On the other hand when i tried to install the latest version of ubuntu downloaded from net, [i used the windows installer application which came along with the ubuntu site for installing ubuntu alongside windows].it goes fine till i reach the page which i asks for username and password...there the progress bar goes almost upto 85%. then it stuck there...

Please tell me how to use the 3os in my laptop


----------



## pauldmps (Feb 26, 2011)

Back up your data & then clean format your primary partition. Then divide it into two parts. Install Windows XP into one of the partitions. Then install Windows 7 into another partition. 

Download the latest version of Ubuntu & burn it to a dvd or mount it using Deamon tools in XP. Launch the Wubi installer & select the option to install inside Windows. Let the procedure complete & reboot. In the OS selection screen, select Ubuntu & let the installation complete.

You're done!


----------



## curioustechy (Feb 27, 2011)

@pauldmps,
i did as u told & wasted my 3hours simply removing windows 7 and reinstalling it  later with all accessories... when i tried to install windows xp after removing 7 and bifurcating primary partition, the process crash ended with the message i posted earlier... give some feasible solution please.


----------



## Vyom (Feb 27, 2011)

So, u r saying u again got a blue screen?
If thats so, then it looks like a hardware problem dude


----------



## motobuntu (Feb 27, 2011)

It seems you are using SATA HDD and Windows XP is not recognizing it, try to change the SATA setting from the BIOS.

In BIOS you'll get some option like "RAID Auto/AHCI" change it to "RAID Auto/ATA" and then try.

Hope this helps.


----------



## gameranand (Feb 27, 2011)

> It seems you are using SATA HDD and Windows XP is not recognizing it, try to change the SATA setting from the BIOS.
> 
> In BIOS you'll get some option like "RAID Auto/AHCI" change it to "RAID Auto/ATA" and then try.
> 
> Hope this helps.


Yeah thats right because I got this problem today itself on my friend's laptop. Then I had to go to BIOS and change the setting of SATA and disable native SATA and the problem was gone. He was also trying to install XP after formatting his computer and his previous OS was 7 too. So this should help you.


----------



## curioustechy (Mar 4, 2011)

I've nothing like that in my bios... what else can i do?


----------



## gameranand (Mar 4, 2011)

^^ There have to be something like that. You have to find that. Every BIOS I have seen have some kind of different name for that but related to  SATA. Post all the options you get in BIOS related to SATA or post some screenshots here.


----------



## thetechfreak (Mar 4, 2011)

curioustechy said:


> I've nothing like that in my bios... what else can i do?

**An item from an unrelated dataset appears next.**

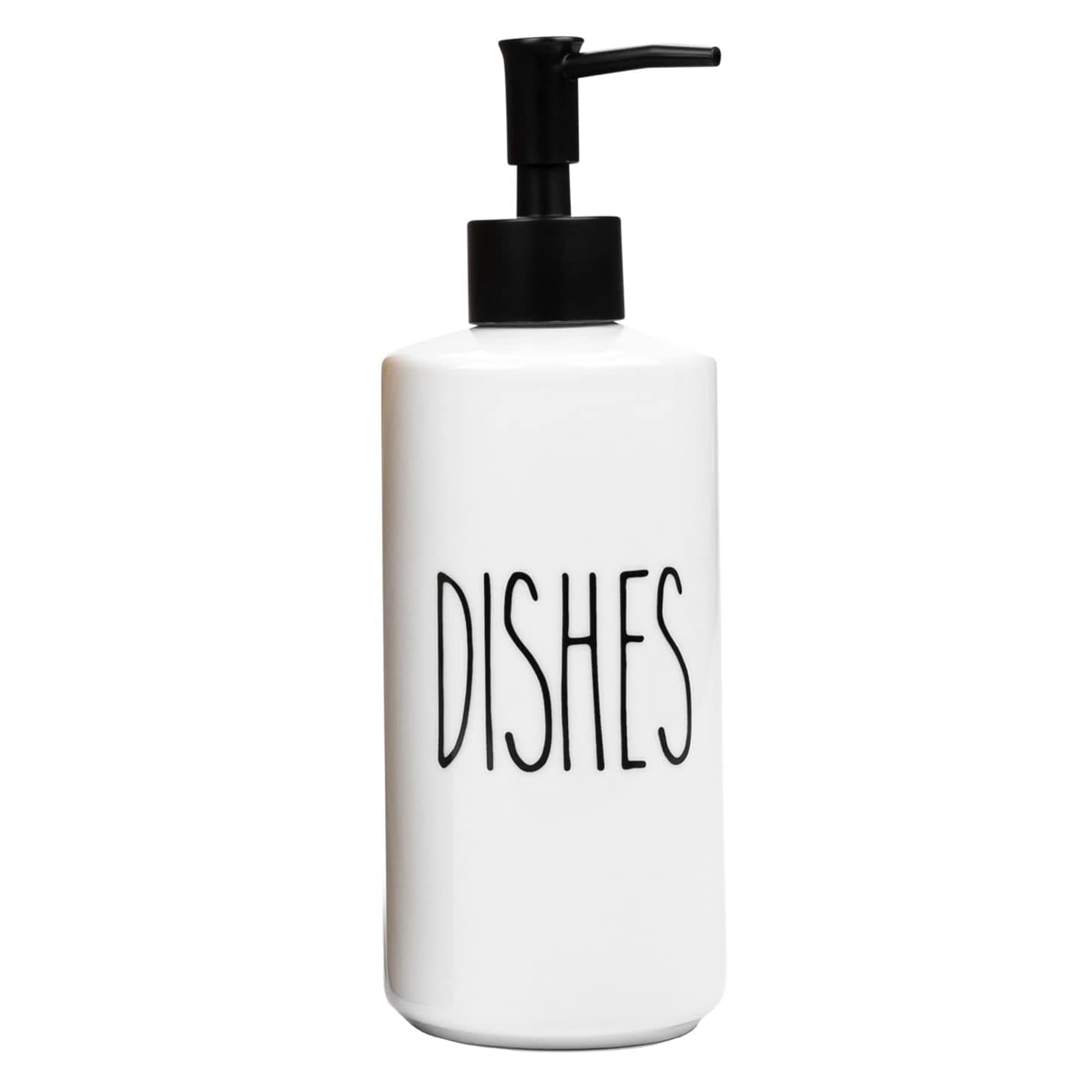 Heartland Home Porcelain 16oz Kitchen Soap Dispenser. Detergent Dispenser or Dish Soap Dispenser for Kitchen Sink. White Soap Dispenser, Modern Farmhouse Decor Dish Soap Pump for Kitchen Organization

Take out your CMOS battery and reinsert it. Bios reset might help.


----------



## curioustechy (Mar 6, 2011)

gameranand said:


> ^^ There have to be something like that. You have to find that. Every BIOS I have seen have some kind of different name for that but related to  SATA. Post all the options you get in BIOS related to SATA or post some screenshots here.



There is no word 'SATA' in my entire bios

---------- Post added at 11:36 AM ---------- Previous post was at 11:28 AM ----------




thetechfreak said:


> Take out your CMOS battery and reinsert it. Bios reset might help.



if my pc were a desktop i would easly do what you said.. i know it how to do that... but mine is a laptop and i've never opened it... anyway i'll venture..


----------



## thetechfreak (Mar 6, 2011)

be carefull..I think taking out the normal battery for couple of hours should help.


----------



## pauldmps (Mar 6, 2011)

See this: Advanced troubleshooting for "Stop 0x0000007B" errors in Windows XP


But most probably the error points to the SATA problem above. Can you post screenshots of each of your BIOS page ?

---------- Post added at 01:12 PM ---------- Previous post was at 12:55 PM ----------

Okay, I got a useful link: An Up to Date Guide to Reinstalling WinXP to DV6000T


----------



## gameranand (Mar 6, 2011)

thetechfreak said:
			
		

> be carefull..I think taking out the normal battery for couple of hours should help.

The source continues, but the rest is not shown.